Steven Dean (Brooklyn), A Plea to President Biden to Stop Perpetuating Racist Tax Policy:
Dear President Biden,
You have pledged to fight to rid our nation of systemic racism. I believe you mean that. But it seems that many in your administration do not. Or perhaps they simply underestimate your resolve.
When you announced your plan last week to rebuild our nation’s infrastructure, you showed a way to pay much of the cost with tax increases on corporations. You did not dwell on the complex details, yet you did take time to single out the Cayman Islands and Bermuda to blame for the failures of our corporate income tax. For reasons that I understand all too well, you identified the wrong culprits.
In your remarks, you explained that corporations had hidden profits in the Caymans and Bermuda. That may be true, in a sense. But it also encapsulated the racism and xenophobia you promised to purge from our political discourse. ...
I blame your extraordinary team of tax specialists. When Paul Krugman joked that there were no tax experts that had not already joined your administration, I immediately thought of one whom they had not even had a conversation with until a few days ago.
With her acclaimed book The Whiteness of Wealth, Dorothy Brown showed the world what we tax nerds long suspected.

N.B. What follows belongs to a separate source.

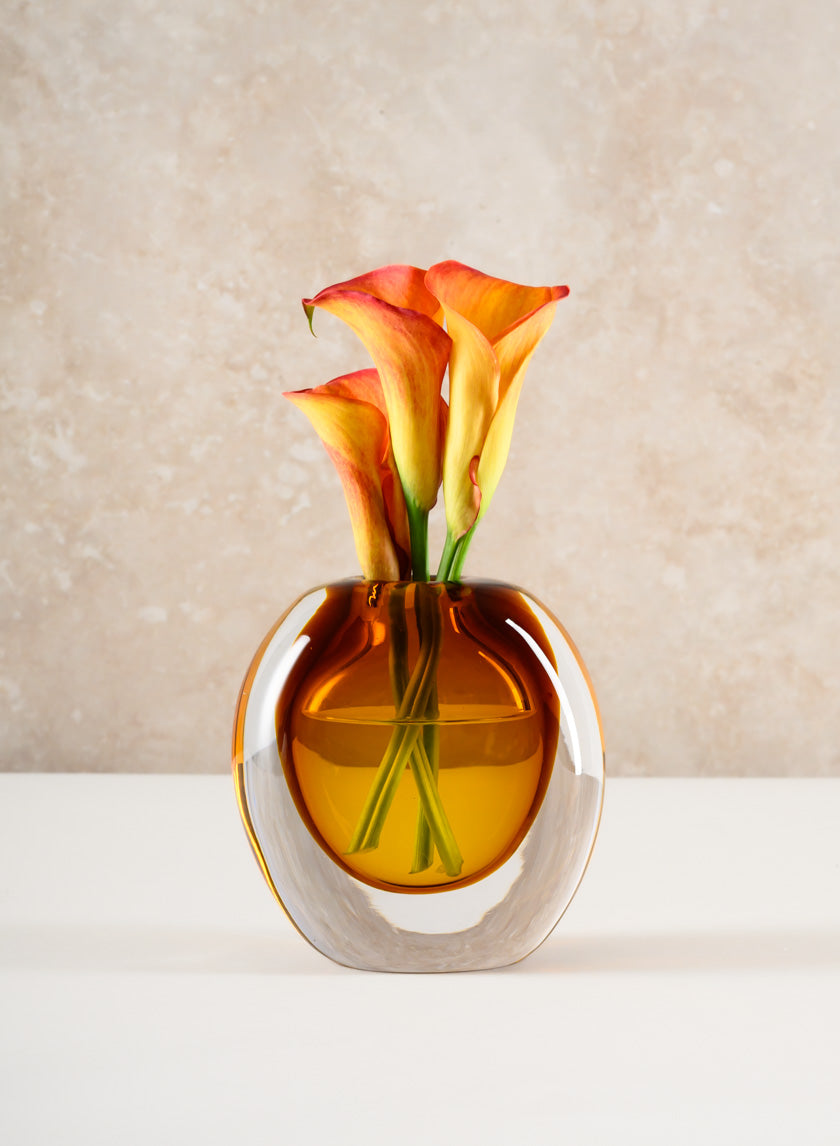 5.5in Tall Norvege Clear and Amber Glow Hand Blown Short Glass Vase Decor Jamali Garden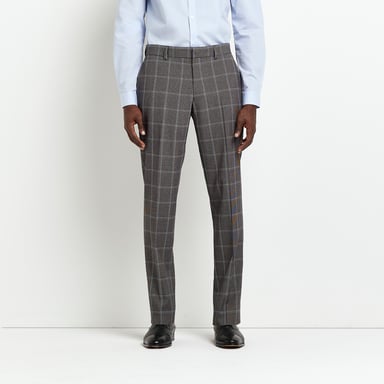 River Island Mens Suit Trousers Grey Slim Fit Check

As Brown bluntly puts it: “When white and Black Americans engage in the exact same thing—marriage, homeownership, job, paying for college—tax policy advantages the white way of engaging in behavior while disadvantaging the Black way of engaging in the behavior.” While the long-standing IRS refusal to calculate statistics by race makes hard data scarce, nobody knows more about the ways racism affects our tax laws than Brown does. The reason your team snubbed her, despite your vow to challenge systemic racism, helps explain why they did not adequately warn you against using your bully pulpit to indict a pair of majority-Black countries for the failures of our global tax system without mentioning majority-white Ireland or Switzerland.
They simply don’t want to talk about race. Which is a problem. One of your first actions as president was issuing an executive order addressing systemic racism. For the first time, that will force our nation’s tax officials to acknowledge that the tax law may not only reflect but also exacerbate white privilege. ...
Even if you managed to completely vanquish racism in every other part of government, failing to address it in taxation would be a problem. That would be like replacing all our gas guzzlers with electric cars only to fuel them with coal-burning power plants. You can’t fix systemic racism without taking a hard look at—and sometimes being told a hard truth about—the laws that provide the fuel our government runs on.